Would something like the hysteria caused by the "war of the worlds" radio
broadcast be possible to reproduce today? Yeah, absolutely. The bar's a little
higher though, you'd need multiple organizations corroborating the story over
multiple mediums.

Enough people on twitter would say things like "Uh, I'm standing around where
the aliens are supposed to be and I don't see shit" to arrest some of the
contagion.

I have a theory that new modes of communication automatically seem more
trustworthy at first, because most of the time the liars don't move in until
adoption reaches a certain level to make it profitable. The problem is that
transition. We're late in the cycle right now for the internet. People are
slowly learning to take extraordinary claims on the internet less seriously by
default.

I like to think about the impact of Franklin D. Roosevelt's fireside chats.
Most of America tuned in, captivated. The things he said calmed people down,
reduced national anxiety and assuaged their fears. The default mode was to
trust him, and that made a historic impact.
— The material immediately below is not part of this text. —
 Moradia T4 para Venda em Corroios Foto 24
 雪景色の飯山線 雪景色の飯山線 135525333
It felt nationally like the
president could finally talk to people on a personal level.

Then a few years passed, and the national trust was taken advantage of.
Despite Tuskegee, MKUltra, The Bay of Pigs, Watergate -- pretty much
everything about Nixon, and a hundred other events, it took a long time to
make the majority of us into the politically disillusioned wrecks we've
become.

It's easy to imagine how seductive messages like "the elite are all lying to
you" are when that's become the safest default position for a while. The
vulnerability we've found ourselves in now is lies bolted on to truths. I'm
hoping that we'll all inoculate ourselves with some kind of generalized agenda
aversion next.

A man running for state representative came to my door a few weeks ago. He
wanted to know if he could place a sign in my yard. To be honest, my default
position would have been to say "Go for it homie". Any candidate making door
calls is atleast trying to put in effort. Especially since political
candidates basically spout vague platitudes that turn into nebulous nonsense.

Fortunately for me, he seemed adamant he wanted to show me the key thesis in
his pamphlet before I made my decision, he opened it up and tapped on the
header. "Muslims are a problem for America."

"Ohhh you're a racist!" I said politely. "Thanks for letting me know, I have
literally no interest in that being in my yard. Have a nice day!"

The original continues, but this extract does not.